Q: How often do scouts watch matches and when in the season is it most likely?

During the season, scouts are always out at games every weekend, but it is impossible to be everywhere! Possibly the most likely opportunity of being 'scouted' would be in tournament or festival settings, where scouts are able to cast their eyes over a large volume of players all in one setting. Towards the end of the season, these tournaments seem to be most frequent. 

It is very common to get the recurrent 'are you a scout?' question from players, who are very keen to make an impression. Although, parents who come and stand next to you on the side of the pitch, and try to highlight whenever the player does something well, can be quite distracting!

Q: Can you share an example of a success story?

At a youth tournament, a good 8-9 years ago now, there was an Under-7 who was playing on an Under-9s pitch and was absolutely electric. He scored a ridiculous number of goals on the day, and was absolutely everywhere on the pitch, so it was hard not to take notice of his ability and potential! There were probably scouts from 4/5 different clubs who were unsurprisingly interested off the back of his performances and invited him in on a trial. Fast-forward to today, and he is still going very strong - turning out some excellent performances for one of the leading Category One Academies in England at the age of 16.
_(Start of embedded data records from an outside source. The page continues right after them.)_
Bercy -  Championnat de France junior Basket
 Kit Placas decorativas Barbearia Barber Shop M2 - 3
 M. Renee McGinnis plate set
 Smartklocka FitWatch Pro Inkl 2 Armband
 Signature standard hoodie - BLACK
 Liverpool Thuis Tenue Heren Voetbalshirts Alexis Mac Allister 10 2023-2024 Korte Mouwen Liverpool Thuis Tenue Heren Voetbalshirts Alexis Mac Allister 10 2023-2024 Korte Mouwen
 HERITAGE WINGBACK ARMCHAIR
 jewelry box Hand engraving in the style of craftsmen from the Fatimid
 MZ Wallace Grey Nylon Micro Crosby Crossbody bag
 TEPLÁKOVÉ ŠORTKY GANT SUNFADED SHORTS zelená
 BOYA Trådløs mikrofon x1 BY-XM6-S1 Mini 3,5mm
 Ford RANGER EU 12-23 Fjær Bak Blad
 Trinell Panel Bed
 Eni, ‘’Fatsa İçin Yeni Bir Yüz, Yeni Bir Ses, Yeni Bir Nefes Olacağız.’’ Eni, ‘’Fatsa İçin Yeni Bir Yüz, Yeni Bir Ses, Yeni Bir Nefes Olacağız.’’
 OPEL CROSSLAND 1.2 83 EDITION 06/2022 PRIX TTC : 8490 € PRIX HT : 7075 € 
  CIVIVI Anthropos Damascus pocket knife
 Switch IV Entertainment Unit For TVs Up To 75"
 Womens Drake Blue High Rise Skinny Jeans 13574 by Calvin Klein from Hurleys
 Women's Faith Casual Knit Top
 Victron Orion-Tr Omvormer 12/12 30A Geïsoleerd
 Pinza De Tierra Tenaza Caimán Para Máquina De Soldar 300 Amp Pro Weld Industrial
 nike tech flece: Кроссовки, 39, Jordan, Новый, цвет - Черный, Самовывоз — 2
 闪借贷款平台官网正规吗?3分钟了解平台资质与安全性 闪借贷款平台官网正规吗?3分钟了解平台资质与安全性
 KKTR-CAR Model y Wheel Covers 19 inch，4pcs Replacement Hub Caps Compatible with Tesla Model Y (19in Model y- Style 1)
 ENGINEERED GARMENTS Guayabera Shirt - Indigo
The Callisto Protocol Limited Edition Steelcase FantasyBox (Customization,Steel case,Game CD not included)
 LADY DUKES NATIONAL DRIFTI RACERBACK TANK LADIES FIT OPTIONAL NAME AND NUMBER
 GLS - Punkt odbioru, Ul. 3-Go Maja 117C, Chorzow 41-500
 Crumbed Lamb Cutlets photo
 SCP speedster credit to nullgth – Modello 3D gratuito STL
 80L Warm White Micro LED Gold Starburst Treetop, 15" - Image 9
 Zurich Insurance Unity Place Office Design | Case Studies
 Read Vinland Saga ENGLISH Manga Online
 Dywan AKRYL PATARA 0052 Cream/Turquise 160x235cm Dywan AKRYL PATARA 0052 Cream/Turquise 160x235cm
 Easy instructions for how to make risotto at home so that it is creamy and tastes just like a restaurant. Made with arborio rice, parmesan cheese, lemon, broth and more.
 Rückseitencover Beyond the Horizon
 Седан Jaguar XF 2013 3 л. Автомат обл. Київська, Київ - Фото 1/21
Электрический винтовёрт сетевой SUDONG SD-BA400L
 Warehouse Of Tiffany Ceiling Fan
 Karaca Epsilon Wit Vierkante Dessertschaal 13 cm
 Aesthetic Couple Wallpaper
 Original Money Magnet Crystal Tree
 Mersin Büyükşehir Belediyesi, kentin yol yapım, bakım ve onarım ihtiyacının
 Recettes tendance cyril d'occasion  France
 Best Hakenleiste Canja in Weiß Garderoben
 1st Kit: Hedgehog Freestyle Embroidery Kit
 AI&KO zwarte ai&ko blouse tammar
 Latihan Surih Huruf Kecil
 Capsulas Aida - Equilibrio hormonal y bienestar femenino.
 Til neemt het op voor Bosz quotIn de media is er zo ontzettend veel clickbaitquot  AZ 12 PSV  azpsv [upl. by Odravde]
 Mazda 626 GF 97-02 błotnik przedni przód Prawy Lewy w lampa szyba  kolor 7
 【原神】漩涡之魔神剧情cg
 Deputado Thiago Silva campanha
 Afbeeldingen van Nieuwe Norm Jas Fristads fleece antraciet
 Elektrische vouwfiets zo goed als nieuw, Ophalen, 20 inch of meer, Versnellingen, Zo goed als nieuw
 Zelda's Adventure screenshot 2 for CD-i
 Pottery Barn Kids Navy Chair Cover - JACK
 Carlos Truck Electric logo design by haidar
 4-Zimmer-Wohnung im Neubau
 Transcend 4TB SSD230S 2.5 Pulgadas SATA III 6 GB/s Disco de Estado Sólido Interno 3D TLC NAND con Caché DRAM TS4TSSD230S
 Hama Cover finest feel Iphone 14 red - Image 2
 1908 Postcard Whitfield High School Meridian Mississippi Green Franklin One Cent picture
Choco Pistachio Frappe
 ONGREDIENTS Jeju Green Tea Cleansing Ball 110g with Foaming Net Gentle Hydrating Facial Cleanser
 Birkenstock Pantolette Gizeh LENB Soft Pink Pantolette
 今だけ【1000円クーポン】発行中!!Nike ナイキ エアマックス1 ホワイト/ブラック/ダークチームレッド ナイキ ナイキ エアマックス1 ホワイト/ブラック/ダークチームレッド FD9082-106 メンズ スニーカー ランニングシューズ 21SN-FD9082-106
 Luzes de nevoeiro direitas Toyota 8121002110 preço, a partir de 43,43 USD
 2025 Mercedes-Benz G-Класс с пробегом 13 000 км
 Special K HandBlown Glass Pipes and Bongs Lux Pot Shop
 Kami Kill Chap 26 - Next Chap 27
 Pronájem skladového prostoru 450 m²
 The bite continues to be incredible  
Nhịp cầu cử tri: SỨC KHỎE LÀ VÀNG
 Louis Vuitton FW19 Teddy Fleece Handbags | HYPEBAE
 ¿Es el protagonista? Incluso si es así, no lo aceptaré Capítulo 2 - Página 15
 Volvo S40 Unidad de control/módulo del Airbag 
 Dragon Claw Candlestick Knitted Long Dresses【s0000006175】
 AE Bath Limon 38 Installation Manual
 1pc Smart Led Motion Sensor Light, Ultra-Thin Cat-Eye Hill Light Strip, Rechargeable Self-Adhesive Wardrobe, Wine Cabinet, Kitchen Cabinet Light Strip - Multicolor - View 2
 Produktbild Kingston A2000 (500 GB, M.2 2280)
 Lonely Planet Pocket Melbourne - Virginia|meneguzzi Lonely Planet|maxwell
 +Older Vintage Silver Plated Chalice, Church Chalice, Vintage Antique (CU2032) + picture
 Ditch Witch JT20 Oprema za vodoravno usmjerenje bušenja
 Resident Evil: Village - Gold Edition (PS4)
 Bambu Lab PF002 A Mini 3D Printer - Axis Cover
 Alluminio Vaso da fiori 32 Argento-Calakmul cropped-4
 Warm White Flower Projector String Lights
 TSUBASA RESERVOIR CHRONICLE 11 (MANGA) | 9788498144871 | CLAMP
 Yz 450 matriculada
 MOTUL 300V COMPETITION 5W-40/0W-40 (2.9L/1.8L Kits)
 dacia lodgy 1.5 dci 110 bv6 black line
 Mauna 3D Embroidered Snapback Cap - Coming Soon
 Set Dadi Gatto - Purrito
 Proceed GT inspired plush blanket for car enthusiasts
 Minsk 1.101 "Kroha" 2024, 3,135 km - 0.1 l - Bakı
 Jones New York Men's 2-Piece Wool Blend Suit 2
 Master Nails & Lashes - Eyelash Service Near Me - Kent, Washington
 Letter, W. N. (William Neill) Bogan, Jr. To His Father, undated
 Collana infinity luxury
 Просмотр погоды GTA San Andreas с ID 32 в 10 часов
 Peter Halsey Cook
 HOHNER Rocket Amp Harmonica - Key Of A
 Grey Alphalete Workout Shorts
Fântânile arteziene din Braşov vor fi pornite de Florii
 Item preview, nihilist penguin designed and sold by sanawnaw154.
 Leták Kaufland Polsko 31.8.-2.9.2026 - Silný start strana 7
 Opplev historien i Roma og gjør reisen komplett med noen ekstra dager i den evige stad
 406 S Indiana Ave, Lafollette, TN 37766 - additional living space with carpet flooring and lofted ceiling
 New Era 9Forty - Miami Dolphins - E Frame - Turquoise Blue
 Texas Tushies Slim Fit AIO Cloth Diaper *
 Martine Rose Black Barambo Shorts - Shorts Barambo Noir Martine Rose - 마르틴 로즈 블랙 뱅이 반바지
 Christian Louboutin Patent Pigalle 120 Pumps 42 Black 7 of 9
Q: If you could give 3 pieces of simple advice to a child hoping to impress a scout, what would you say?

  1. Play your own game! Each player is different and has their own strengths; not all clubs look for exactly the same thing. 
  2. Be patient! I know plenty of players who have had their opportunity come later down the line, as each player develops differently.
  3. Keep working hard! Train to your maximum and work with your coaches. This will help to develop your 'weaker areas' and make your strengths even more positive. 

We asked the same question to Sam Jones, grassroots coach for the Tower Hill Vixens U8's, and he said he tells his players 3 key things.

  1. Relax, the scouts are there because they are interested already so don't try too hard!
  2. Put the hours in off the pitch; practice the basics until they are second nature and the game becomes easier.
  3. They are looking at how you play in a team, so remember you can't do it alone!